Visualization is the presentation of data in a pictorial or graphical format. It enables decision-makers to see analytics presented visually, so they can grasp difficult concepts or identify new patterns. This visualization of house prices is for the Kaggle dataset. With 79 explanatory variables describing (almost) every aspect of residential homes in Ames, Iowa, this competition challenges predicting the final price of each home.

Find all categorical data

In [5]:

cats = []
for col in train.columns.values:
    if train[col].dtype == 'object':
        cats.append(col)

Create separate datasets for Continuous vs Categorical

In [6]:

train_cont = train.drop(cats, axis=1)
train_cat = train[cats]

Numerical Features

A numerical or continuous variable (attribute) is one that may take on any value within a finite or infinite interval (e.g., height, weight, temperature, blood glucose, …). There are two types of numerical variables, interval and ratio. An interval variable has values whose differences are interpretable, but it does not have a true zero. A good example is a temperature in Centigrade degrees. Data on an interval scale can be added and subtracted but cannot be meaningfully multiplied or divided. For example, we cannot say that one day is twice as hot as another day.

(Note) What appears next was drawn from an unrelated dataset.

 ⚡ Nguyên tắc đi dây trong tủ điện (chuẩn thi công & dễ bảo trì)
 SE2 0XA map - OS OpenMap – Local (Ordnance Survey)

In contrast, a ratio variable has values with a true zero and can be added, subtracted, multiplied or divided (e.g., weight).

In [100]:

train_cont.columns

Out[100]:

Index(['Id', 'MSSubClass', 'LotFrontage', 'LotArea', 'OverallQual',
       'OverallCond', 'YearBuilt', 'YearRemodAdd', 'MasVnrArea', 'BsmtFinSF1',
       'BsmtFinSF2', 'BsmtUnfSF', 'TotalBsmtSF', '1stFlrSF', '2ndFlrSF',
       'LowQualFinSF', 'GrLivArea', 'BsmtFullBath', 'BsmtHalfBath', 'FullBath',
       'HalfBath', 'BedroomAbvGr', 'KitchenAbvGr', 'TotRmsAbvGrd',
       'Fireplaces', 'GarageYrBlt', 'GarageCars', 'GarageArea', 'WoodDeckSF',
       'OpenPorchSF', 'EnclosedPorch', '3SsnPorch', 'ScreenPorch', 'PoolArea',
       'MiscVal', 'MoSold', 'YrSold', 'SalePrice'],
      dtype='object')

In [12]:

print("Some Statistics of the Housing Price:n")
print(train['SalePrice'].describe())
print("nThe median of the Housing Price is: ", train['SalePrice'].median(axis = 0))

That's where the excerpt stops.